NEW DELHI: India’s governing Bharatiya Janata Party (BJP) on Thursday scored a landslide election victory, increasing its seats in Parliament after a bitter and divisive campaign.

The results amount to a massive blow for the 133-year-old Congress Party, which dominated India’s political life for more than 50 years after the country gained independence in 1947. Narendra Modi has made history by becoming India’s first prime minister in the last 40 years to be re-elected with a parliamentary majority.

The BJP on its own is expected to have a little over 300 seats in the Lok Sabha (lower house), more than it had in the outgoing chamber. The ruling National Democratic Alliance (NDA), of which the BJP is a part, will have nearly 350 MPs in the Lok Sabha.

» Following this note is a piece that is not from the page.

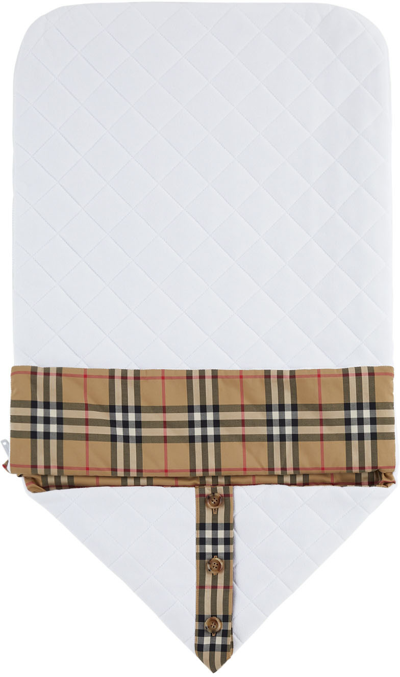 Shop Burberry Baby Vintage Check Sleeping Bag In White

The Congress Party is expected to finish with just 55 seats, albeit 11 more than its 2014 election tally. By most projections, the Congress-led opposition alliance will not even have 100 seats. Congress Party President Rahul Gandhi suffered a major personal setback in the family borough, the constituency of Amethi in northern India, where he lost to a Modi Cabinet minister. But Gandhi won his second seat in Wayanad in the south by a big margin. 

“I concede defeat and congratulate Prime Minister Narendra Modi for winning the elections,” Gandhi said on Thursday. He has offered to resign from his post in his party’s most powerful organizational body, the Congress Working Committee, but political analysts say it is highly unlikely that his resignation will be accepted.

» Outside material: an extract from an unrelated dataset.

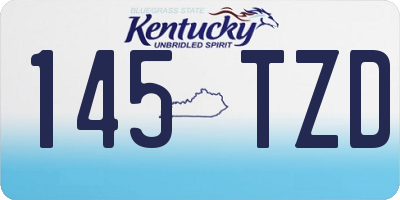 KY license plate 145TZD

The margin of the BJP’s victory has come as a surprise to many, with the party not only retaining its seats in the battleground states of northern and western India, but also expanding its footprint in two eastern states: West Bengal and Odisha. “Together, we’ll build a strong and inclusive India. India wins yet again!” Modi tweeted after the results showed the BJP sweeping to victory.

Shashi Shekhar, a New Delhi-based political analyst, told Arab News: “This is a phenomenal election victory that has stumped all the pollsters. The BJP was expected to face a big challenge from the opposition alliance in some of the crucial states, such as Uttar Pradesh and Maharashtra, which together account for 128 seats. But it seems the narrative of muscular nationalism propagated by the BJP overcame all challenges. There’s a now a genuine fear that if the BJP continues with its old policy of marginalizing religious minorities, India might turn into a majoritarian state. However, I hope Modi’s second term turns out to be more inclusive.”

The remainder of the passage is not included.